Distpatch Tribune 4/05
Raytown Tribune 4/05


Main Attraction
Record crowd makes friends during home makeover

At first, the thousands gathered on 79th Street seemed only to want to see Ty Pennington.

Women begged him to come out and visit. Children shrieked his name. A grandmother offered him a pizza-sized cookie.

Pennington is the overwhelming favorite among the group of reality-TV stars featured on ABC’s “Extreme Makeover: Home Edition.”

An energetic, spiked-haired actor/carpenter/designer, Pennington isn’t the average 38-year-old. Or, so the crowd of fans seemed to believe.

But as work progressed on the house of local firefighter and hero Stephen Johnson, 8211 E. 79th St., the audience found new things to talk about. Two couples discovered they had relatives in common. Men plotted what they’d do to a house like Johnson’s. Women made friends.
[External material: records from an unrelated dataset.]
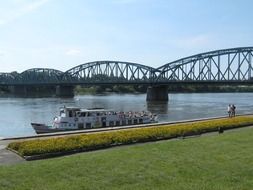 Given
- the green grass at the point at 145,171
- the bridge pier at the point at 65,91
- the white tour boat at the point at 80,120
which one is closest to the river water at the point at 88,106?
the white tour boat at the point at 80,120

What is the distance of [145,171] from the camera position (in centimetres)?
1289

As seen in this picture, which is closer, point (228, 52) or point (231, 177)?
point (231, 177)

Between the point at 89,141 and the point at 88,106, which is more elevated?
the point at 89,141

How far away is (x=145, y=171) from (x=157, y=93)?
137363mm

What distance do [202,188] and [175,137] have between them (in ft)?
42.1

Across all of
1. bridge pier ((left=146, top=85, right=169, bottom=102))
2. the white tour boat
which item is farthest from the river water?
bridge pier ((left=146, top=85, right=169, bottom=102))

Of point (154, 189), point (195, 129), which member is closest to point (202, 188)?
point (154, 189)

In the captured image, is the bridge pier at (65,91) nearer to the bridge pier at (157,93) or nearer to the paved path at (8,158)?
the bridge pier at (157,93)

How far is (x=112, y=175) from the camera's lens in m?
12.4

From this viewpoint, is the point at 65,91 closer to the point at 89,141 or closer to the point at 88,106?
the point at 88,106

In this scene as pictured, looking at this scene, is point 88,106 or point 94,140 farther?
point 88,106

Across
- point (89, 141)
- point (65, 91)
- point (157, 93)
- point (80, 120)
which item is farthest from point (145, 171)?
point (65, 91)

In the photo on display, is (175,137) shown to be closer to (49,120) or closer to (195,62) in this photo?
(49,120)

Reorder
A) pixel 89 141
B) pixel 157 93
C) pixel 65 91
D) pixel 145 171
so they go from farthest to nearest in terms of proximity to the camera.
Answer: pixel 65 91 → pixel 157 93 → pixel 89 141 → pixel 145 171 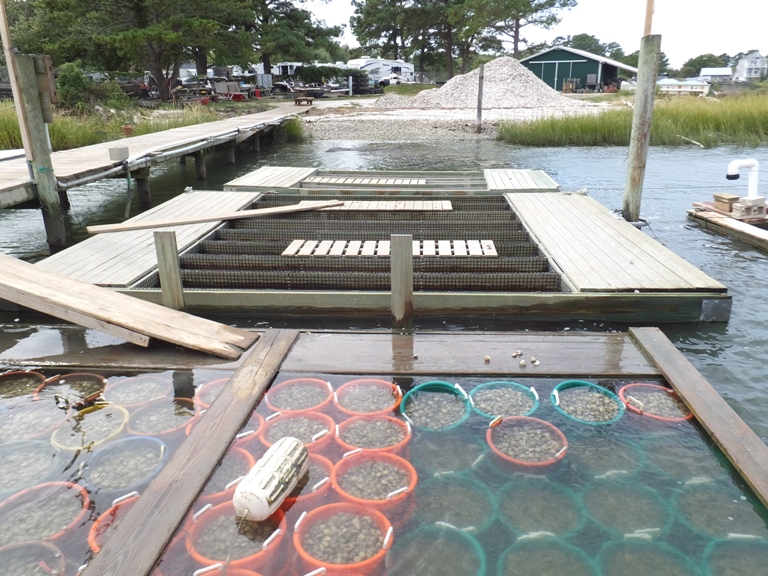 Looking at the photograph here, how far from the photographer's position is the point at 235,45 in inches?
1107

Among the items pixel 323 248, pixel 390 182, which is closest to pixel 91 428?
pixel 323 248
“It becomes kind of a family thing here after you stand her with people for so many hours,” said Nancy Ebeling of Raytown.
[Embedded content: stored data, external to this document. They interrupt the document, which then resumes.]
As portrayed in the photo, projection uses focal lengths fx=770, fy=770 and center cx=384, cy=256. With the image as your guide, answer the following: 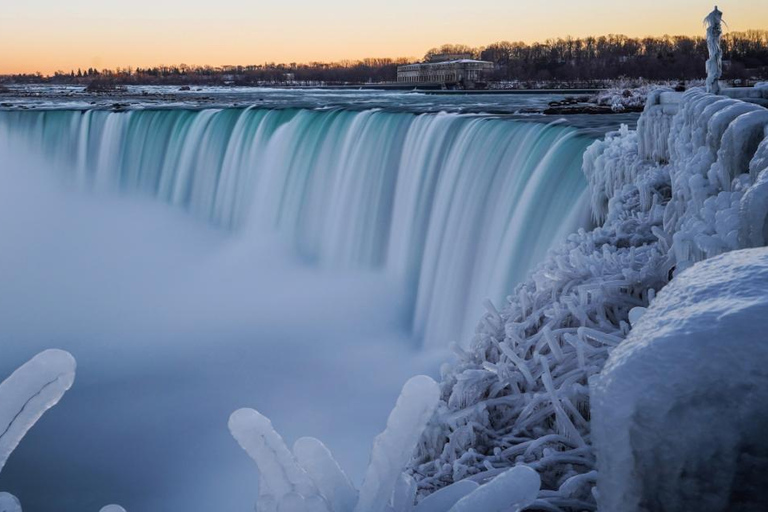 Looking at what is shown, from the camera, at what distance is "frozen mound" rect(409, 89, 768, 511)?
6.52 ft

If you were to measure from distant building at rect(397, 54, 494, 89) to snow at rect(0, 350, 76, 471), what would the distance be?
242 ft

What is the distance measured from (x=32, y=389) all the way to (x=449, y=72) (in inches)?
3393

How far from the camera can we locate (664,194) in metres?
4.66

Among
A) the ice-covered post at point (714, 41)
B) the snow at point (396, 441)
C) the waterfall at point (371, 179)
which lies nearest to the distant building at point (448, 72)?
the waterfall at point (371, 179)

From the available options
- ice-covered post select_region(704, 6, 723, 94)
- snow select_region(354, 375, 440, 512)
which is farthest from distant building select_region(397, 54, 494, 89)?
snow select_region(354, 375, 440, 512)

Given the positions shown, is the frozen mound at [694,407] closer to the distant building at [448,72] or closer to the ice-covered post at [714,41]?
the ice-covered post at [714,41]

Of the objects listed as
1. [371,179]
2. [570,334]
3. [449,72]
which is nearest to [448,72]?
[449,72]

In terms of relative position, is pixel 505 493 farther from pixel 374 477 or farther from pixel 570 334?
pixel 570 334

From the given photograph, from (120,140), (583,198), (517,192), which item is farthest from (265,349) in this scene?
(120,140)

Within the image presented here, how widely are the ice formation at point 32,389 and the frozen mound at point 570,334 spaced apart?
113 cm

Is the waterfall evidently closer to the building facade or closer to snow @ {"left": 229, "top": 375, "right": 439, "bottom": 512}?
snow @ {"left": 229, "top": 375, "right": 439, "bottom": 512}

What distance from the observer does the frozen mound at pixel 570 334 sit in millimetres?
1986

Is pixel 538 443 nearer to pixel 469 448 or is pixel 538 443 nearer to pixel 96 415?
pixel 469 448

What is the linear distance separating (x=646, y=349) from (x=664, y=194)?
4172mm
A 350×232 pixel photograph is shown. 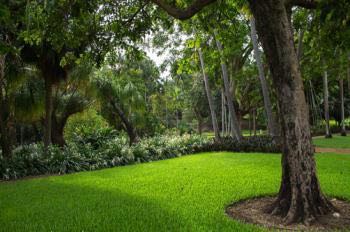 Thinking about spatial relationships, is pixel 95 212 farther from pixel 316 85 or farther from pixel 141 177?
pixel 316 85

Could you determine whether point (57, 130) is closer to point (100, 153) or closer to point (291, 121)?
point (100, 153)

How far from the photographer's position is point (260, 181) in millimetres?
7797

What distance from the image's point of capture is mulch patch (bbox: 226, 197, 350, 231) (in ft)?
15.0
Ebeling met Renae Oldenburg and Mark Sievertsen, who live around the corner from Johnson, on Thursday, March 31.

They stood together again on Friday, April 1. Oldenburg and Sievertsen said Ebeling could use their bathroom any time.
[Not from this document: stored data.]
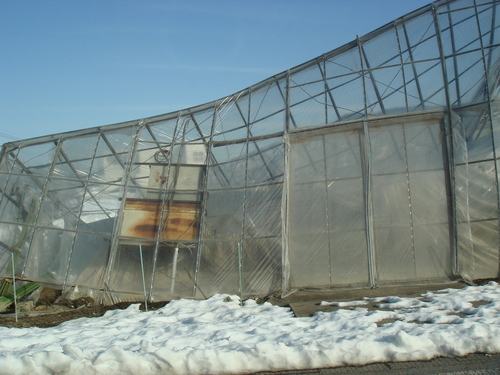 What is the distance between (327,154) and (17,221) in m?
9.85

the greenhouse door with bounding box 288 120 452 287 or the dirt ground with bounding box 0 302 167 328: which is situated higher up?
the greenhouse door with bounding box 288 120 452 287

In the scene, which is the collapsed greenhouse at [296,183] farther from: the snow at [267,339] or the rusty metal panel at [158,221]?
the snow at [267,339]

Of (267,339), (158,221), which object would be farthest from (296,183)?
(267,339)

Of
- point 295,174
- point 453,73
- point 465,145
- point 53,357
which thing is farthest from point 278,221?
point 53,357

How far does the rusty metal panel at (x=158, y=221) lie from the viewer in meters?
12.3

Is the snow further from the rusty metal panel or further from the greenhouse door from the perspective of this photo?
the rusty metal panel

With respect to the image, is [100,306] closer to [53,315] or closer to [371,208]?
[53,315]

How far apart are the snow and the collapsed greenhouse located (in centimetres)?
211

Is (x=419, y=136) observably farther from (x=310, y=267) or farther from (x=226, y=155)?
(x=226, y=155)

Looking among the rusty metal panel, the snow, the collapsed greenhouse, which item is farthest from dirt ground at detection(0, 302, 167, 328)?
the rusty metal panel

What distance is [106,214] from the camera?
42.9 feet

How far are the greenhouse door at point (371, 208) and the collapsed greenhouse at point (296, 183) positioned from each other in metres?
0.03

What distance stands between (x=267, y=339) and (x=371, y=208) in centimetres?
577

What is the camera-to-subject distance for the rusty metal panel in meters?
12.3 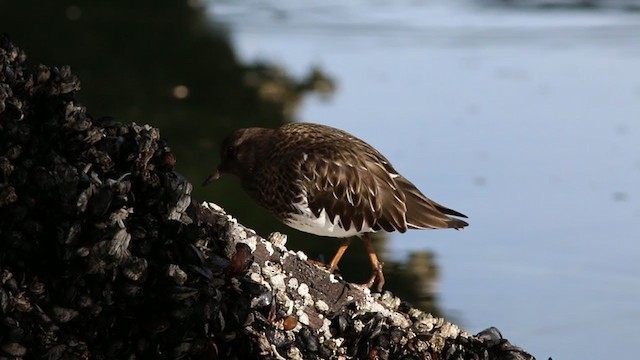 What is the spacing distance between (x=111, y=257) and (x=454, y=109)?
5.22 meters

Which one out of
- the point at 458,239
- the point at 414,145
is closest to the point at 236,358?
the point at 458,239

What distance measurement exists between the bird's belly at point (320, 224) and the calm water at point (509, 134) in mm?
955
On Saturday night, Ebeling met Lisa Nichols of Kansas City. The pair stood at the back of the record-size audience and chatted.

“That’s been the most interesting part about this whole thing,” said Nichols.

Nichols also said she enjoyed eavesdropping.

At one point, Nichols said she heard some say Johnson’s neighbors had been paid $120,000 to allow the massive interruption. Others said they had been paid $5,000.

Show producers said neighbors would be given gifts and sometimes receive small makeovers, like bathroom renovations.

“The rumor mill gets really funny to listen to because the story changes as it goes down,” Sievertsen said.

The crowd was the show’s largest ever, according to show producers. Some gatekeepers estimated 20,000 people filed through the street each day during the weekend.

The audience trampled the early spring grass to dirt across the street from Johnson’s home. Producers promised neighbors the grass would be replaced and would look better than ever, neighbor Sean Crump said.

Crump said he didn’t mind the damage to his lawn.

Michael Moloney, and designer and co-star on the show said the Kansas City crowd had been ”great.”

“Normally, we don’t have the capacity to allow this many people in,” Moloney said. “Certain neighborhoods just don’t allow for it. It’s been amazing to house this many locals.”